Populist dictators, who generally don’t know what they’re doing, try to prevent their central banks (you can’t have an economy without having a central bank, even if you don’t know you have it) from raising interest rates soon enough or high enough to get inflation under control, which is why populist dictatorships generally end up with hyperinflation leading to economic collapse.

Populist Dictators Need Not Apply

This is why we don’t want the U.S. Federal Reserve Bank under political control. Politicians are not elected for their economic savvy, so we want Fed governors, who are supposed to have economic savvy, to make smart decisions based on their understanding of economic causes and effects, rather than dumb decisions based on political expediency.

Economists are mathematically sophisticated people. They may (or may not) be steeped in the theory of automated control systems, but they’re quite capable of understanding these basics and how they apply to controlling an economy.

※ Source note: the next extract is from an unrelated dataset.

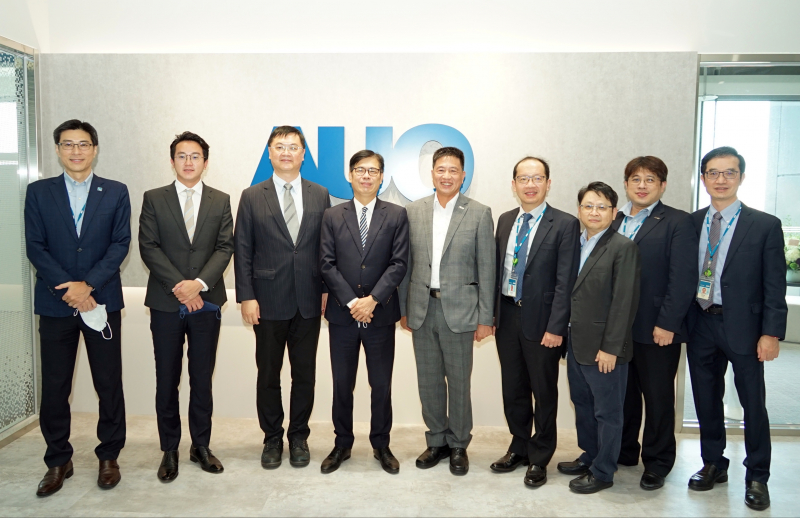 大庄家光電前進亞灣成立「AUO解決方案研發中心」，作為多元場域解決方案研發及試驗場域（圖中左為高雄市長陳其邁、圖中右為大庄家光電董事長彭双浪）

Economics, of course, has been around as long as civilization. Hesiod (ca. 750 BCE) is sometimes considered “the first economist.” Contemporary economics traces back to the eighteenth century with Adam Smith. Control theory, on the other hand, has only been elucidated since the early 1950s. So, you don’t really need control theory to understand economics. It just makes it easier to see how the controls work.

To a veteran test and measurement maven like myself, the idea of thinking in terms of average inflation, instead of the observed inflation at some point in time – like right now – makes perfect sense. We know that every time you make a measurement of anything, you’re almost guaranteed to get a different value than you got the last time you measured it. That’s why we (scientists and engineers) always measure whatever we care about multiple times and pay attention to the average of the measurements instead of each measurement individually.

So, Fed governors starting to pay attention to average inflation strikes us as a duh! What else would you look at?

Similarly, using words like “transient” and “symmetric” make perfect sense because “transient” expresses the idea that things change faster than you can measure them and “symmetric” expresses the idea that measurement variations can be positive or negative – symmetric each side of the average.

These ideas all come from the mathematics of statistics. You’ve heard of “statistical significance” associated with polling data, or two polling results being within “statistical error.” The variations I’m talking about are the same thing. Variations between two values (like the average inflation and the target inflation) are statistically significant if they’re sufficiently outside the statistical error.

I’m not going to go into how you calculate a value for statistical error because it takes hours of yammering to teach it in statistics classes, and I just don’t have the space here. You wouldn’t want to read it right now, anyway. Suffice it to say that it’s a well-defined concept relating to how much variation you can expect in a given data set.

While the control theory I’ve been talking about applies especially to automated control systems, it applies equally to Federal Reserve System control of economic performance – if you put the Federal Open Market Committee (FOMC) in place of the control computer that makes decisions for the automated control system.

So,” you ask, “why not put the Fed-funds rate under computer control?”.

The reason it would be unreasonable to fully automate the Fed’s actions is that we can’t duplicate the thinking process of the Fed governors in a computer program. The state of the art of economic models is just not good enough, yet. We still need the gut feelings of seasoned economists to make enough sense out of what goes on in the economy to figure out what to do next.

That, by the way, is why we don’t leave the decisions up to some hyperintelligent pandimensional being (named Trump). We need a panel of economists with diverse backgrounds and experiences – the FOMC – to have some hope of getting it right!